BEGIN Records provided

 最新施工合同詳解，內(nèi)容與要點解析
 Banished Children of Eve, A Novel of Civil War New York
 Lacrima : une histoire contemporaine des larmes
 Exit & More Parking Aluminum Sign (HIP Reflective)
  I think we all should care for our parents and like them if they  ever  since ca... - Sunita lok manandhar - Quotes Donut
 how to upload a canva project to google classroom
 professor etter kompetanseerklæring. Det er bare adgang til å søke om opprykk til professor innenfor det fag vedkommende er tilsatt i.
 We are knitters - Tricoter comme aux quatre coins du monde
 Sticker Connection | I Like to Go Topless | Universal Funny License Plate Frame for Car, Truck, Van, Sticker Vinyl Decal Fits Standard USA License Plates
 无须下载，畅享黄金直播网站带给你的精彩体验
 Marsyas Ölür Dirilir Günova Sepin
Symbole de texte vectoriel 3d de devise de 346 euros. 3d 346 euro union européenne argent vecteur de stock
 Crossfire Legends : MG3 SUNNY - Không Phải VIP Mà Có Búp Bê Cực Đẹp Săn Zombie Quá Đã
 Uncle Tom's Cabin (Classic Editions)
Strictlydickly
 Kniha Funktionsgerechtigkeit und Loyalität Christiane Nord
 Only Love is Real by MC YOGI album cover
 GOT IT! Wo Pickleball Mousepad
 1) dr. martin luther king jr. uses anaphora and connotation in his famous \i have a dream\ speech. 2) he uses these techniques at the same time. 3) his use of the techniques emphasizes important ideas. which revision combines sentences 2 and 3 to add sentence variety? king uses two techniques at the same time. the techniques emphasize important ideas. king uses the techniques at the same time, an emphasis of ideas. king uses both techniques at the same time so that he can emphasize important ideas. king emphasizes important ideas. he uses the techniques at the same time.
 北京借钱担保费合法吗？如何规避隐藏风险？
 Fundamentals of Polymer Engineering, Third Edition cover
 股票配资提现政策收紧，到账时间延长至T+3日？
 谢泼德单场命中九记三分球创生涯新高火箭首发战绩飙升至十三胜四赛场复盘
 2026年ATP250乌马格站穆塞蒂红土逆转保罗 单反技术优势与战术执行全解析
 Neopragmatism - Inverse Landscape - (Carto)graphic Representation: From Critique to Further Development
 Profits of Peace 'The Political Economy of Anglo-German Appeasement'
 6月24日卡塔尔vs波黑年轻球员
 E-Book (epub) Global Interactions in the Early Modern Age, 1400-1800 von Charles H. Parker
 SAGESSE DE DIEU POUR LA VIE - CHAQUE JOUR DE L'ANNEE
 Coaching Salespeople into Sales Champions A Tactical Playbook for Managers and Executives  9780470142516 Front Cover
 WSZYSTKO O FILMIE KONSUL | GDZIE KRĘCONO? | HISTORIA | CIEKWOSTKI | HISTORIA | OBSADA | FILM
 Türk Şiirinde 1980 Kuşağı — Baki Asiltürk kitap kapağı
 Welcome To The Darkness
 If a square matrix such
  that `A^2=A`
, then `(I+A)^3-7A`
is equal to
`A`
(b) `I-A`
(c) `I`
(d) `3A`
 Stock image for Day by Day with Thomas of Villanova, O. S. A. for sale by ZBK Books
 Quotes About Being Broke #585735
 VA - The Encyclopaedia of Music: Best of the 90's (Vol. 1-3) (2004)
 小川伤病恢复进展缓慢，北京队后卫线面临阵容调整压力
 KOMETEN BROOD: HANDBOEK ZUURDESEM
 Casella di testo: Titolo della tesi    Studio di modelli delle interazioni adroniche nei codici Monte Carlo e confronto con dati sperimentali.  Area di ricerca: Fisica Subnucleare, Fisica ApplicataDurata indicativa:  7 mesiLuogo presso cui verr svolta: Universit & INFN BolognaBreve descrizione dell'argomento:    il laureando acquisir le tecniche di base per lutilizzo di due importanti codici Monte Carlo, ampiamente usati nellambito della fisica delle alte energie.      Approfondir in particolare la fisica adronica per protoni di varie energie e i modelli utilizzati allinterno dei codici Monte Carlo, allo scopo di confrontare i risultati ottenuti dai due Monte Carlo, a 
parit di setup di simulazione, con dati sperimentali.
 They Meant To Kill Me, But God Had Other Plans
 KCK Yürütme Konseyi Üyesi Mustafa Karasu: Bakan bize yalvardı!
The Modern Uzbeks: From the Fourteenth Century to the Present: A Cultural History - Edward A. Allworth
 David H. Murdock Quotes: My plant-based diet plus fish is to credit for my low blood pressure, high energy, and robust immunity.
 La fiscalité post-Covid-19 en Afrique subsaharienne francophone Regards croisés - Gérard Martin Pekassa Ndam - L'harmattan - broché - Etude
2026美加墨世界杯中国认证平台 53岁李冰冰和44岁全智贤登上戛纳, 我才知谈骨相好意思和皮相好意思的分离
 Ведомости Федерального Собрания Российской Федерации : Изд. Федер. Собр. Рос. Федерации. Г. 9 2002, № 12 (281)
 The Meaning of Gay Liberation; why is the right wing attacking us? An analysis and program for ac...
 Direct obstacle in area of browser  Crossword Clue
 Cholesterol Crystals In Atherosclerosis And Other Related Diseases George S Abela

END Records provided

--- Exercise ---
Restate every record verbatim.

--- Solution ---
 最新施工合同詳解，內(nèi)容與要點解析
 Banished Children of Eve, A Novel of Civil War New York
 Lacrima : une histoire contemporaine des larmes
 Exit & More Parking Aluminum Sign (HIP Reflective)
  I think we all should care for our parents and like them if they  ever  since ca... - Sunita lok manandhar - Quotes Donut
 how to upload a canva project to google classroom
 professor etter kompetanseerklæring. Det er bare adgang til å søke om opprykk til professor innenfor det fag vedkommende er tilsatt i.
 We are knitters - Tricoter comme aux quatre coins du monde
 Sticker Connection | I Like to Go Topless | Universal Funny License Plate Frame for Car, Truck, Van, Sticker Vinyl Decal Fits Standard USA License Plates
 无须下载，畅享黄金直播网站带给你的精彩体验
 Marsyas Ölür Dirilir Günova Sepin
Symbole de texte vectoriel 3d de devise de 346 euros. 3d 346 euro union européenne argent vecteur de stock
 Crossfire Legends : MG3 SUNNY - Không Phải VIP Mà Có Búp Bê Cực Đẹp Săn Zombie Quá Đã
 Uncle Tom's Cabin (Classic Editions)
Strictlydickly
 Kniha Funktionsgerechtigkeit und Loyalität Christiane Nord
 Only Love is Real by MC YOGI album cover
 GOT IT! Wo Pickleball Mousepad
 1) dr. martin luther king jr. uses anaphora and connotation in his famous \i have a dream\ speech. 2) he uses these techniques at the same time. 3) his use of the techniques emphasizes important ideas. which revision combines sentences 2 and 3 to add sentence variety? king uses two techniques at the same time. the techniques emphasize important ideas. king uses the techniques at the same time, an emphasis of ideas. king uses both techniques at the same time so that he can emphasize important ideas. king emphasizes important ideas. he uses the techniques at the same time.
 北京借钱担保费合法吗？如何规避隐藏风险？
 Fundamentals of Polymer Engineering, Third Edition cover
 股票配资提现政策收紧，到账时间延长至T+3日？
 谢泼德单场命中九记三分球创生涯新高火箭首发战绩飙升至十三胜四赛场复盘
 2026年ATP250乌马格站穆塞蒂红土逆转保罗 单反技术优势与战术执行全解析
 Neopragmatism - Inverse Landscape - (Carto)graphic Representation: From Critique to Further Development
 Profits of Peace 'The Political Economy of Anglo-German Appeasement'
 6月24日卡塔尔vs波黑年轻球员
 E-Book (epub) Global Interactions in the Early Modern Age, 1400-1800 von Charles H. Parker
 SAGESSE DE DIEU POUR LA VIE - CHAQUE JOUR DE L'ANNEE
 Coaching Salespeople into Sales Champions A Tactical Playbook for Managers and Executives  9780470142516 Front Cover
 WSZYSTKO O FILMIE KONSUL | GDZIE KRĘCONO? | HISTORIA | CIEKWOSTKI | HISTORIA | OBSADA | FILM
 Türk Şiirinde 1980 Kuşağı — Baki Asiltürk kitap kapağı
 Welcome To The Darkness
 If a square matrix such
  that `A^2=A`
, then `(I+A)^3-7A`
is equal to
`A`
(b) `I-A`
(c) `I`
(d) `3A`
 Stock image for Day by Day with Thomas of Villanova, O. S. A. for sale by ZBK Books
 Quotes About Being Broke #585735
 VA - The Encyclopaedia of Music: Best of the 90's (Vol. 1-3) (2004)
 小川伤病恢复进展缓慢，北京队后卫线面临阵容调整压力
 KOMETEN BROOD: HANDBOEK ZUURDESEM
 Casella di testo: Titolo della tesi    Studio di modelli delle interazioni adroniche nei codici Monte Carlo e confronto con dati sperimentali.  Area di ricerca: Fisica Subnucleare, Fisica ApplicataDurata indicativa:  7 mesiLuogo presso cui verr svolta: Universit & INFN BolognaBreve descrizione dell'argomento:    il laureando acquisir le tecniche di base per lutilizzo di due importanti codici Monte Carlo, ampiamente usati nellambito della fisica delle alte energie.      Approfondir in particolare la fisica adronica per protoni di varie energie e i modelli utilizzati allinterno dei codici Monte Carlo, allo scopo di confrontare i risultati ottenuti dai due Monte Carlo, a 
parit di setup di simulazione, con dati sperimentali.
 They Meant To Kill Me, But God Had Other Plans
 KCK Yürütme Konseyi Üyesi Mustafa Karasu: Bakan bize yalvardı!
The Modern Uzbeks: From the Fourteenth Century to the Present: A Cultural History - Edward A. Allworth
 David H. Murdock Quotes: My plant-based diet plus fish is to credit for my low blood pressure, high energy, and robust immunity.
 La fiscalité post-Covid-19 en Afrique subsaharienne francophone Regards croisés - Gérard Martin Pekassa Ndam - L'harmattan - broché - Etude
2026美加墨世界杯中国认证平台 53岁李冰冰和44岁全智贤登上戛纳, 我才知谈骨相好意思和皮相好意思的分离
 Ведомости Федерального Собрания Российской Федерации : Изд. Федер. Собр. Рос. Федерации. Г. 9 2002, № 12 (281)
 The Meaning of Gay Liberation; why is the right wing attacking us? An analysis and program for ac...
 Direct obstacle in area of browser  Crossword Clue
 Cholesterol Crystals In Atherosclerosis And Other Related Diseases George S Abela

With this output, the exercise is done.